Other systems, such as disclosed in “A Second Generation Silicon Ring Gyroscope” by C. Fell, I. Hopkins and K. Townsend (Fell II), utilize phase locked loops which control the oscillator so that there is either no phase difference or a known phase difference between the drive frequency and the oscillator frequency. Such systems are constantly being adjusted to lock in the phase relationship, and are therefore subject to phase jitter in the phase locked loop.
The disclosures of the above-mentioned patents and publications are hereby incorporated by reference herein in their entirety except for explicit definitions contained therein as follows: U.S. Pat. No. 5,629,472 (Varnham), U.S. Pat. No. 4,951,508 (Loper), U.S. Pat. No. 6,883,361 (Wyse), U.S. Pat. No. 6,675,630 (Challoner), U.S. Pat. No. 7,120,548 (Malvern), U.S. Pat. No. 7,240,533 (Fell I), U.S. Pat. No. 7,231,823 (Schroder), and paper by Dr. D. D. Lynch, “Coriolis Vibratory Gyros,” presented at Symposium Gyro Technology, Stuttgart, Germany, 1998 (Lynch).
U.S. Pat. No. 7,526,957 and U.S. Patent Application Publication No. 2007/0256495 to Watson (collectively “Watson”), both assigned to the assignee of the instant application and hereby incorporated by reference herein in their entirety except for explicit definitions contained therein, disclose drive axes that are rotationally skewed relative to the antinode axes of the vibration pattern when the VSG is rotationally at rest. The skewed axes enable the drive elements of a multiple drive axis system to affect a torquing function in addition to sustaining the oscillation pattern, thus eliminating the need for separate dedicated torque elements. Elimination of dedicated torque elements simplifies the resonator assembly and can provide a mirrored symmetry about a plurality of drive axes for more uniform propagation of vibration between the various nodes and antinodes of the system. Watson further discloses a method for minimizing or reducing the signals at the nodes of the oscillation pattern by changing the relative amplitudes of the drive signals along respective skewed drive axes, thus shifting the position of the node on the resonator.
The above disclosed techniques and systems that focus on electronically compensating for the quadrature signal do not improve the tuning of the gyroscope. That is, each of the disclosures imposes a force (e.g., the separate torque elements of Fell I or the differing amplitudes of Watson) or simply establishes the error as a known quantity (e.g., the phase-lock system of Fell II). None of these systems or techniques improve the tuning of the resonator assembly. The quadrature signal itself is indicative that energy introduced in the plurality of drive axes is dissipated in destructive interference. Systems that introduce additional forces to accomplish the compensation introduce still more energy that is also dissipated in destructive interference.

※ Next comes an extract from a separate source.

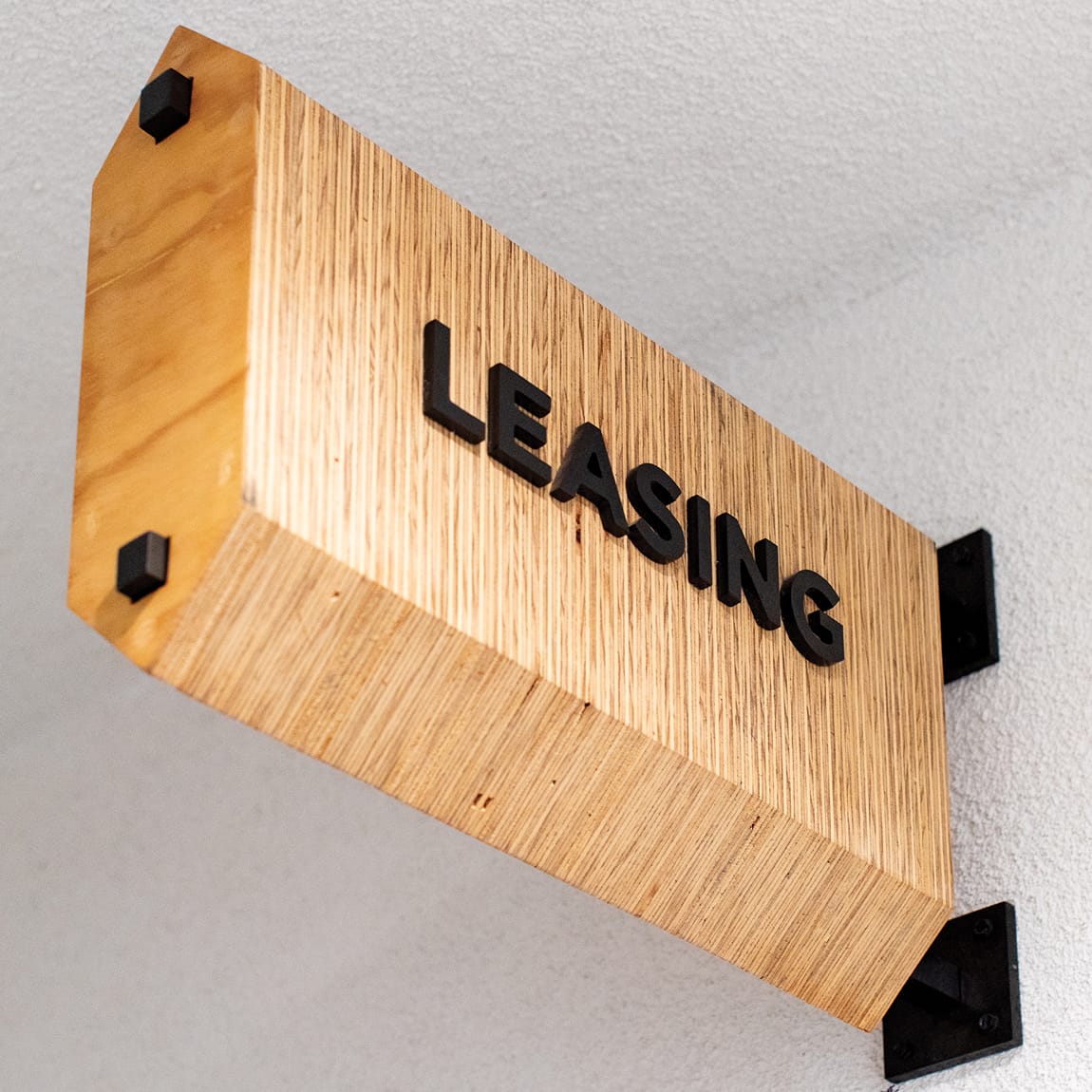 Persea residential community wood Leasing blade sign detail, wayfinding design by RSM Design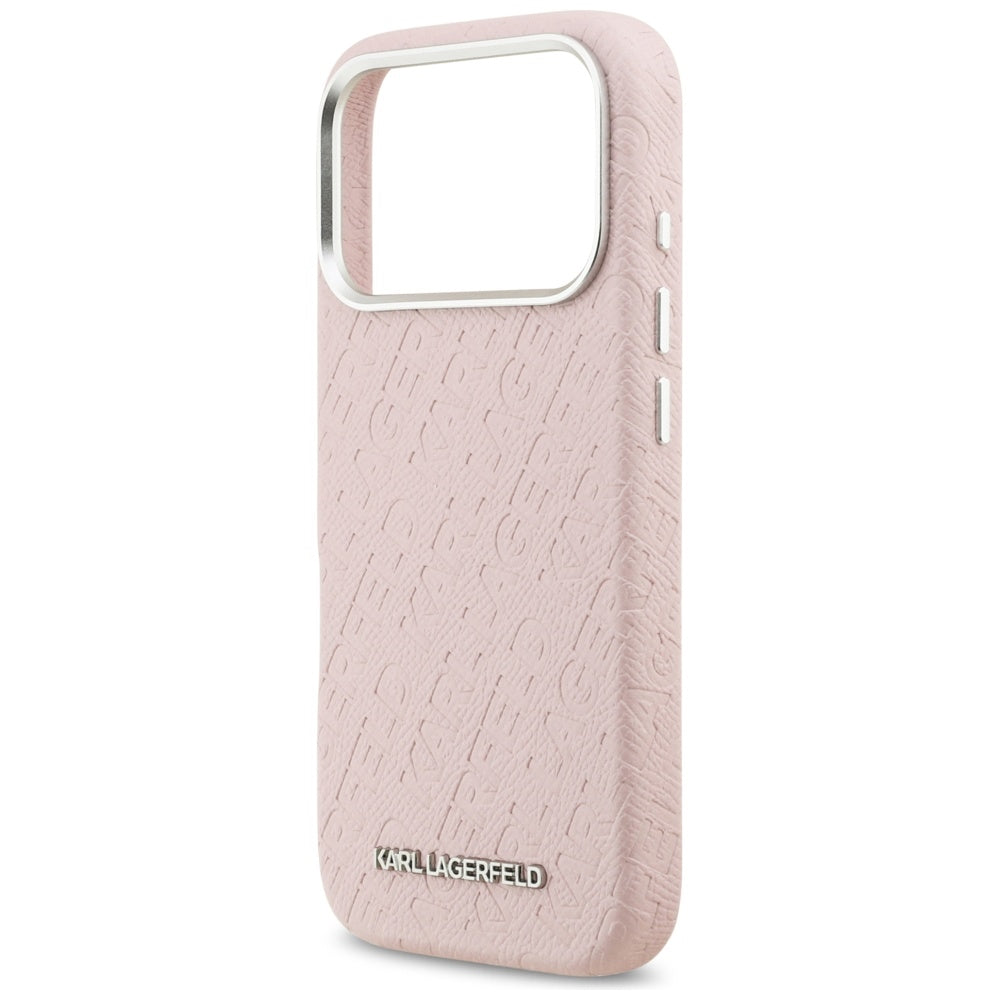 Husa MagSafe pentru Apple iPhone 17 Pro Max, Karl Lagerfeld, FW Stamped Karl, Roz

Such dissipated energy is in many instances transferred to the structure supporting the resonator assembly, and can be reflected back to the resonator, causing additional signals of arbitrary phase that results in further biasing error in the rotational rate signal.
A vibrating structural gyroscope system that electronically improves the tuning of the VSG with respect to the inherent tuning error represented by the quadrature signal, rather than merely attempting to compensate for the inherent tuning error of the VSG, would be welcome.